Впереди, задрав хвост, понеслась к морю Хризантема. Она во всех таких случаях всегда изображала бестолковую карету «скорой помощи».
* * *
Англичанин действительно был мрачнее кипариса. Ростом с весло, стоял он, расставив рыжеватые ноги циркулем, смотрел на черную, качающуюся в волнах скорлупу. Рукой придерживал на животе широкие полосатые трусики.
— Птит мадемуазель? — спросил, подбежав к нему, русский фермер.
Англичанин пожал плечами и отрывисто щелкнул непонятным английским словом.
— Пикола рагаца? — переспросил по-итальянски рыбак.
Англичанин повторил свое птичье слово и сердито показал на лодку.
— Эйн клайнес медхен? — участливо обратился к нему дядя Вася.

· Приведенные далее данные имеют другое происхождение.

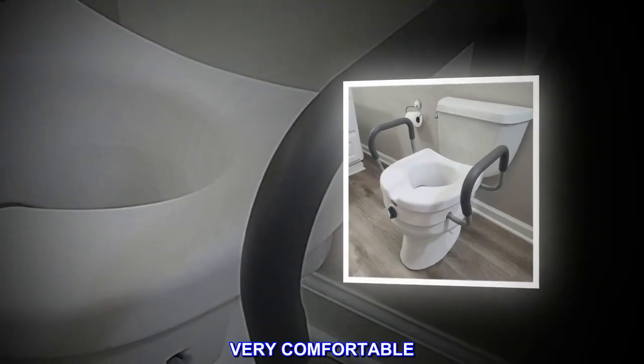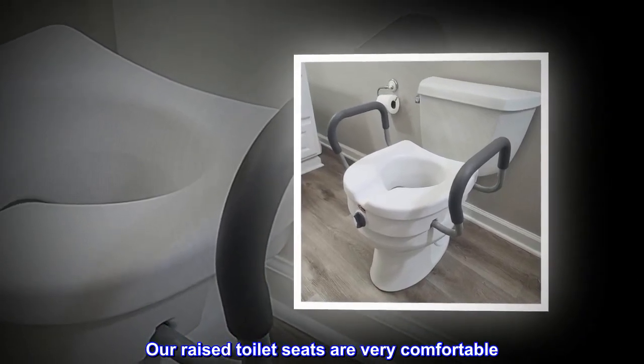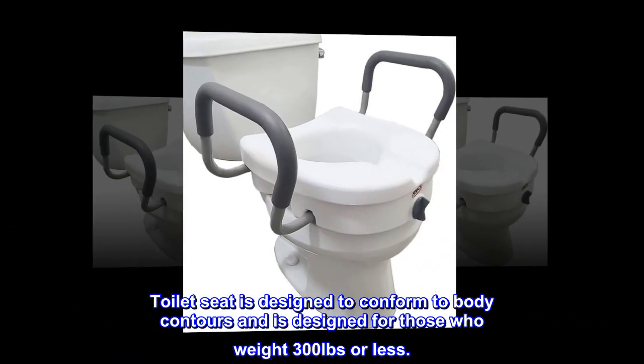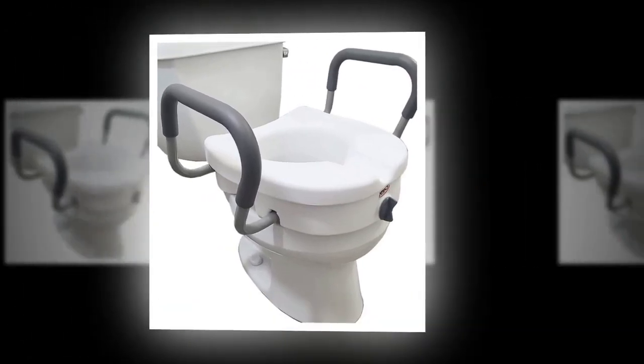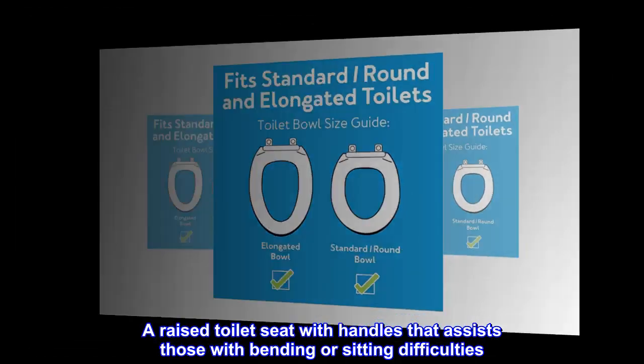Very comfortable. Our raised toilet seats are very comfortable. The toilet seat is designed to conform to body contours and is designed for those who weigh 300 pounds or less. A raised toilet seat with handles that assists those with bending or sitting difficulties.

Джентльмен глазами сверкнул.
Вот оказия… На всех языках могут, кроме того, который сейчас был нужен.
Мишка не выдержал.
— Чего вы к нему пристаете. Господи! Это он имя своей дочки, должно быть, назвал. Не все ли равно, как она называется?! Надо ехать! Алле…
Англичанин кивнул головой.
— А лодка все уплывает… Все уплывает… — с тихим отчаянием пропищал Игорь. — Кровопийцы вы!..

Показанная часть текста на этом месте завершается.